Original hand painted production cel of Tigger and Rabbit set on a hand painted non-production watercolor background that matches the scene from "Winnie The Pooh and Tigger Too," 1974; Framed with a gold wood frame, a gold wood fillet, two acid free linen mats, and UV conservation clear glass.


As a child, I loved the Disney character Tigger the most.  I have never met anyone who did not love Tigger, so I know that I am not alone.  My interest in animation has always been focused on Disney and most especially the Villains.  They were always the most interesting characters with some of the best lines in the films.  In the case of the Pooh stories, there were no real Villains; the closest thing would be Rabbit, who was the main antagonist.  However, Tigger was simply fun loving and without question had some the best lines such as "The name's Tigger! T-I-double-guh-ER! That spells Tigger!"  Tigger also has one of the best songs, "The Wonderful Thing about Tiggers."

"The Many Adventures of Winnie The Pooh," 1977 was composed of a series of featurettes Disney produced based upon the Winnie-the-Pooh books by A. A. Milne.  Walt Disney wanted to introduce the public to the Pooh characters slowly over time and the released featurettes include, "Winnie the Pooh and the Honey Tree," 1966, "Winnie the Pooh and the Blustery Day." 1968, and "Winnie the Pooh and Tigger Too," 1974.  For the full length film in 1977, extra material was added and used to link the three featurettes together.  A fourth, shorter featurette was added at the end of the film and was based on the final chapter of "The House at Pooh Corner."
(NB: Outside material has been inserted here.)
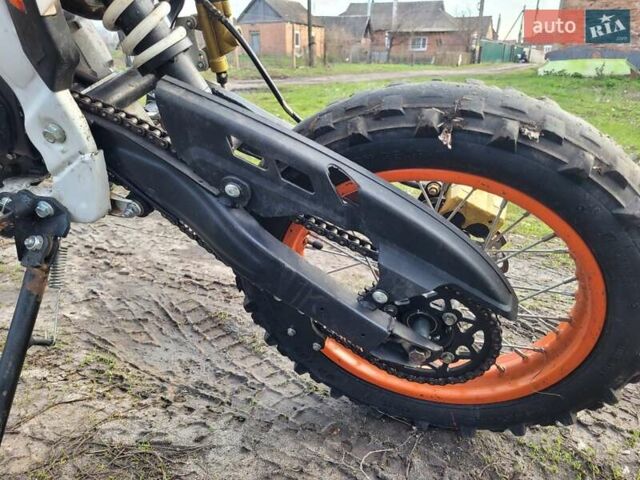 Оранжевый Кайо 125, объемом двигателя 0 л и пробегом 2 тыс. км за 550 $, фото 4 на Automoto.ua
In "Winnie the Pooh and Tigger Too," Rabbit was animated by the great Don Bluth and was voiced by Junius Matthews; a veteran radio actor who also voiced the owl Archimedes in the Disney film "The Sword In The Stone," 1963.  Tigger was animated by one of the greatest Disney animators ever, Milt Kahl and voiced by Paul Winchell.  Winchell was a ventriloquist, actor, and comedian who would later  provide the voice of Gargamel and Dick Dastardly.  Winchell appeared in acting roles on numerous TV shows from the 1950's on through the 1970's.  What many people do not know is that Paul Winchell, who had some medical training and was also an inventor; became the first person to build and patent a mechanical artificial heart which was implantable in the chest cavity.  He was also honored with a star on the Hollywood Walk of Fame for all of his work in television.


Framed Tigger and Rabbit cel.

In this cel Rabbit, frustrated that Tigger had bounced him and in the process made a mess of his garden, had concocted a plan to lose Tigger deep in the forrest.  So Rabbit along with Pooh and Piglet, take Tigger on an exploration on a very foggy morning through the forrest of the Hundred Acre Wood.  Unfortunately Pooh, Piglet, and Rabbit become lost as the ever excited Tigger bounds far ahead deeper into the woods.  Pooh and Piglet find their way out of the woods but Rabbit is hopelessly lost.  Until Tigger bounces him, because as everyone knows, "Tiggers never get lost!"  This is an absolutely wonderful cel taken at the perfect time when Tigger is sitting on top of Rabbit, just after being bounced by him!